На второй день понадобились и мои ритмические способности. Ярушин попросил меня… запустить метроном для песни «Дети спят»!
Какие-то дела не позволили проследить мне всю сессию. Ярушинскую «Анафему» писали без меня, и я потом был потрясён мощью этой композиции… И произошло это не скоро. Выхода диска ждали года два. К тому времени я уже махнул рукой на несостоявшуюся всесоюзную поэтическую славу и жил обычной жизнью заштатного музыканта. В том числе руководил акустическим ВИА «Мозаика» в Доме Пионеров. В соседнем помещении репетировал танцевальный коллектив. Его руководительница, не знавшая о моём сотрудничестве с челябинцами, как-то опоздала на утренние занятия и призналась, что полночи слушала новый диск «Ариэля». – А какая песня тебе больше понравилась? – спросил я. – «Храни меня, дождь!».
Да, жизнь прожита не зря, – подумал я. Нам было по тридцать с чем-то…
Больше я не возвращался в тот храм.

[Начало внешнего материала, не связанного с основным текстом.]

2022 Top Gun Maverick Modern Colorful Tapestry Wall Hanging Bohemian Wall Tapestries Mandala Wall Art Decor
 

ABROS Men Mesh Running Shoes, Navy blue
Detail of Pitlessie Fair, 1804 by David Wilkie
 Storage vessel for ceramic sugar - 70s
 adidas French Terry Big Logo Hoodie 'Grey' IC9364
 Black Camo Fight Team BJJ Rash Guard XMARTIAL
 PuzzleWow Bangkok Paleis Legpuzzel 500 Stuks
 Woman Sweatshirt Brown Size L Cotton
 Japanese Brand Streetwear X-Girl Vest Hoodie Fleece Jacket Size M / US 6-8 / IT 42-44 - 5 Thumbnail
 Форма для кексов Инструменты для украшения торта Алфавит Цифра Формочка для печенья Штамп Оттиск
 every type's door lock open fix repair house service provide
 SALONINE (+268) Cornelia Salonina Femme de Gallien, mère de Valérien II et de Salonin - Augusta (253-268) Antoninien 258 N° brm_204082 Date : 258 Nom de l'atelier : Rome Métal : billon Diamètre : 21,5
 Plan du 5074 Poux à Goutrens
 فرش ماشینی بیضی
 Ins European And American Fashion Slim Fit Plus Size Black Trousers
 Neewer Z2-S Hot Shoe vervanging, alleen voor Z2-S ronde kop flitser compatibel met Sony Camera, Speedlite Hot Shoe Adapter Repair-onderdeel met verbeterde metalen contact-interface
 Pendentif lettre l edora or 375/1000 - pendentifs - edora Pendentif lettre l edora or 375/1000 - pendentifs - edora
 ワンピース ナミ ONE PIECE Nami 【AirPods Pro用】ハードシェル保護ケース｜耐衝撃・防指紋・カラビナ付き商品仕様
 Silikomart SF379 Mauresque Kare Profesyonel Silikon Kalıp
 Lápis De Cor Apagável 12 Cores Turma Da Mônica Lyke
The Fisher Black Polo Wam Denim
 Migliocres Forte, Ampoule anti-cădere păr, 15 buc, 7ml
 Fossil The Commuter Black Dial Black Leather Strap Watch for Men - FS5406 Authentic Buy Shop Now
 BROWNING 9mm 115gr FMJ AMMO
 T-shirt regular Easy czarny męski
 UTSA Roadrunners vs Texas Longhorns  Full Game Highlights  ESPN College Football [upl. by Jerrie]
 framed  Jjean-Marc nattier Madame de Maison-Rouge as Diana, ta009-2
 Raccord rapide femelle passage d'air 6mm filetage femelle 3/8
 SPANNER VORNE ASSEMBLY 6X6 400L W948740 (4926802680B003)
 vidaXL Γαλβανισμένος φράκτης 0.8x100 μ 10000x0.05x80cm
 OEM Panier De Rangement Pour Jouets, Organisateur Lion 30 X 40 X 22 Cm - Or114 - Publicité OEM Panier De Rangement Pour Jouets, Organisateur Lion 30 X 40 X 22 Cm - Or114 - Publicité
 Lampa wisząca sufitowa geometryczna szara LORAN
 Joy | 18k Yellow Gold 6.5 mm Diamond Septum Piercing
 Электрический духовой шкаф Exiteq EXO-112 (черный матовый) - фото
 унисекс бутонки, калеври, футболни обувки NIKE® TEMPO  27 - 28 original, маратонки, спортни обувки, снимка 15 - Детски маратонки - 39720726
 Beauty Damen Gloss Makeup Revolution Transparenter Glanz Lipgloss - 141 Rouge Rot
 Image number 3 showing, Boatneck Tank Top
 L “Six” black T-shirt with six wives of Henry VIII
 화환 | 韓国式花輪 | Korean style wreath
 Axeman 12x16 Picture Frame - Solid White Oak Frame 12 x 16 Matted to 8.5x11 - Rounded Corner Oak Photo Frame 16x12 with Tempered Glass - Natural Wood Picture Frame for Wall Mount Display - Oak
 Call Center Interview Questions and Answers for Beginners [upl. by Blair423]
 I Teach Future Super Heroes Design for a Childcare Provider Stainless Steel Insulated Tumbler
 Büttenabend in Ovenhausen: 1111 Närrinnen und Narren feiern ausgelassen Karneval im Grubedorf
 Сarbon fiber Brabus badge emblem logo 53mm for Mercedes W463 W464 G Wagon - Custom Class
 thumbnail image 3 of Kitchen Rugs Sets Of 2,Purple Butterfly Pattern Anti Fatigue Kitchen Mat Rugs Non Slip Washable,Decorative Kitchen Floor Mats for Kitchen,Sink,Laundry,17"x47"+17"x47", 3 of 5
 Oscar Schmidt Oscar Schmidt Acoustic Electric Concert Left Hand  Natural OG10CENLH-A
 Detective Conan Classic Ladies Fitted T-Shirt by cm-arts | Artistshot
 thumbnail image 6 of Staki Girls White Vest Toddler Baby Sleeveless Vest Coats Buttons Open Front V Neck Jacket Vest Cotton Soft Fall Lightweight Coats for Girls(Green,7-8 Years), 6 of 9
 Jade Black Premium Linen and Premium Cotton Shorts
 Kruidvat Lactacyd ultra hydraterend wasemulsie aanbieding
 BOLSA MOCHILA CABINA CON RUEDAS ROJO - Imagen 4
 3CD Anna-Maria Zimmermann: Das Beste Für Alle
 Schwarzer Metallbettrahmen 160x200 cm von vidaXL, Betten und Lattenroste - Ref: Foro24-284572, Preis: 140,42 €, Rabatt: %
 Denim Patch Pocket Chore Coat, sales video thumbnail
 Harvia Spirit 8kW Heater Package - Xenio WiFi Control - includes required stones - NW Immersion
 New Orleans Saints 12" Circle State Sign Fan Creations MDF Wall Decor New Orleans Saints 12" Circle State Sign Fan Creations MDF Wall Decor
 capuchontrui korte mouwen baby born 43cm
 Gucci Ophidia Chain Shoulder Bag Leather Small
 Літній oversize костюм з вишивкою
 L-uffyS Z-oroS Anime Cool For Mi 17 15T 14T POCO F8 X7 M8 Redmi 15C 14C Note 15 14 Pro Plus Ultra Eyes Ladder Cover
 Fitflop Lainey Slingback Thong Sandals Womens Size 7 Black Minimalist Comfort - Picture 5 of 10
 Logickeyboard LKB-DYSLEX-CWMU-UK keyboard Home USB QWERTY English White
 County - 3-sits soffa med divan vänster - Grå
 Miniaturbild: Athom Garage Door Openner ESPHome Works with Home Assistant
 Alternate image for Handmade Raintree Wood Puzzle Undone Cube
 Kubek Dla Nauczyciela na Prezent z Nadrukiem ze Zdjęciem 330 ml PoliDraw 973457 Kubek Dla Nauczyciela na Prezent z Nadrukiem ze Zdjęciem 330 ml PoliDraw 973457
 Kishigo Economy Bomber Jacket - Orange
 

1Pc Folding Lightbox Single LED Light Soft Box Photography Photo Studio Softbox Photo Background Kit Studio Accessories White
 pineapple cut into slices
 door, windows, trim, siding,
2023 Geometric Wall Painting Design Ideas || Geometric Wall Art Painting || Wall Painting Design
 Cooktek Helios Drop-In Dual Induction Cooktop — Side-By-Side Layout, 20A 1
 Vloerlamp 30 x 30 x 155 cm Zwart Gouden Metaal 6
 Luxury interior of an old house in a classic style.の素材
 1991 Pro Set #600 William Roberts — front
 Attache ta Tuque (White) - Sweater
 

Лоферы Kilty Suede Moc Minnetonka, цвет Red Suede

Сейчас той студии там больше нет.
После диска «Каждый день твой» я освободился от сладкого плена «Ариэля».
Я понял, что придётся идти своим путём.
Немало песен впоследствии появилось на мои тексты и у Шарикова, и у Ярушина, но это совсем другая история.
А дальнейшая моя жизнь в музыке определилась совершенно другими записями, в другом костёле, на телевидении, на киностудиях, получением диплома гитариста, написанием музыки для рекламы и документальных фильмов…
Но те вдохновенные времена долго будут помниться, не давая покоя. Через высокие остроконечные окна старой англиканской церкви, глядя в глубины славного прошлого, можно разглядеть вершину студийного творчества золотого состава «Ариэля». И, верю, люди будут слушать этот диск, даже когда забудутся более поздние работы каждого из нас.